Fiona Prismall, Technical Director, discusses the implications of the Wealden case and the questions it raises for the assessment of cumulative air quality impacts on nature conservation sites.
The effect of air pollution on human health in our towns and cities has now begun to be recognised by the general public and in the media. Much less well publicised, however, is the effect air pollution can have on flora and fauna in sensitive ecosystems.
In March 2017, Wealden District Council won an important High Court case against the Secretary of State for Local Government, Lewes District Council, the South Downs National Park Authority and Natural England. The case concerned air quality impacts on Ashdown Forest, a sensitive habitat that has been designated a Special Area of Conservation (SAC), wholly located within Wealden and approximately 5 km from the boundary with the district of Lewes.
The districts of Wealden and Lewes both contain parts of the South Downs National Park. Wealden and Lewes each developed a Joint Core Strategy (JCS) with the National Park Authority; both of which contained proposals for housing development likely to generate traffic on the A26, running alongside the Ashdown Forest SAC. The impact this new traffic movement would have on the air quality was therefore an important consideration.
Natural England (NE) advised both councils that if the estimated annual average daily traffic flow was less than 1000, they could conclude no likely significant effect on the SAC. Wealden estimated that its housing allocations would on average generate 950 daily traffic movements on the A26. Lewes estimated 190. As each was below 1000, both parties concluded that there would be no likely significant effect on the SAC either alone or in combination. The Wealden JCS was adopted in February 2013 and the Lewes JCS was adopted in June 2016.
However, in August 2016, Wealden challenged the adoption of the Lewes JCS. Wealden claimed that Lewes should have added Wealden’s 950 daily traffic movements to their own figure of 190 before concluding no likely significant impact on the SAC. This would have meant a combined total of 1140 daily traffic movements – above the 1000 threshold.
During the court hearing, Lewes’ counsel pointed out that Wealden had relied on the same advice from Natural England; however, the High Court found in favour of Wealden. The court stated that Natural England had given Lewes Council erroneous advice in allowing them to conclude no likely significant effect for the 190 daily traffic movements without taking into account Wealden’s 950. Effectively, Wealden had been successful in its claim by virtue of the fact that it had adopted its JCS first.
It is important to note that the 1000 daily traffic threshold is drawn from Highways England’s Design Manual for Roads and Bridges (DMRB), the purpose of which is to provide guidance for the assessment of road schemes, rather than local plans and/or individual projects. While the DMRB doesn’t specifically state that the threshold applies both alone and in combination, it is understood that this is the case based on the low risk of a number of road schemes coming forward and affecting a single nature conservation site.
While the Wealden case applies to the development of local plans, the outcome of this case is more far reaching and is already raising issues in relation to the approach to the scoping assessments for individual projects where there is the potential for cumulative impacts.
In my view, this is a difficult issue to resolve and we need organisations such as Highways England, Natural England and the Environment Agency to make their positions clear.

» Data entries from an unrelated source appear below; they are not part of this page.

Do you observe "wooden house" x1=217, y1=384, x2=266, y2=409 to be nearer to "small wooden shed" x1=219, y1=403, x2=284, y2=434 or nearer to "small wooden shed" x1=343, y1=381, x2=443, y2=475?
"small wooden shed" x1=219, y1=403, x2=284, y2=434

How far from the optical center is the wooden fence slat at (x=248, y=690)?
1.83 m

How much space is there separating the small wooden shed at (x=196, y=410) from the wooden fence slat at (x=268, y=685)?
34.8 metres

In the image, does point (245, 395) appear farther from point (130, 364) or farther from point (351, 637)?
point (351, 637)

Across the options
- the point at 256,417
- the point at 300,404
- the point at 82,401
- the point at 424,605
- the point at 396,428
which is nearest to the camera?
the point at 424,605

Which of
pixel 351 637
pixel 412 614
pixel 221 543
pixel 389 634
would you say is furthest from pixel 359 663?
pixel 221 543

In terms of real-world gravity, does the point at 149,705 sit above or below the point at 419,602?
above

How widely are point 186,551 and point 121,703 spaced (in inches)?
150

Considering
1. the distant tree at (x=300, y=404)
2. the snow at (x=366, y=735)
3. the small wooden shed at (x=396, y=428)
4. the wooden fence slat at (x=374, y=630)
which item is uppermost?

Without understanding those positions, air quality consultants, transport consultants and ecologists will be left to decide the extents of studies in terms of which developments should be included in assessments and which should not. Clearly, different consultants might well come to a different conclusion for the same development.
The High Court ruling in the Wealden case suggests that there is still a case for thresholds, stating that impacts which are ‘very low indeed… can properly be ignored’. The example quoted during the case was that there would need to be 50 developments, each generating 20 daily traffic movements for the 1000 daily traffic threshold to be exceeded. Life is never that simple though. It is more often the case, that there are a large number of small developments along with one or two major developments. Are we being advised to ignore the sum total of those small developments and focus on the impacts of the larger developments only or, in so doing, could we fall foul of the same judgment that has been found against Lewes?
A further question is whether the ‘other’ developments to be considered should only be those that are already consented or should it include proposed developments that have not yet been determined?
While we wait for Highways England, Natural England and the Environment Agency to make their positions clear, all we can do as consultants is to be as rigorous as we can be in determining which other plans and projects are likely to impact on a nature conservation site and be completely transparent in the conclusions that we draw.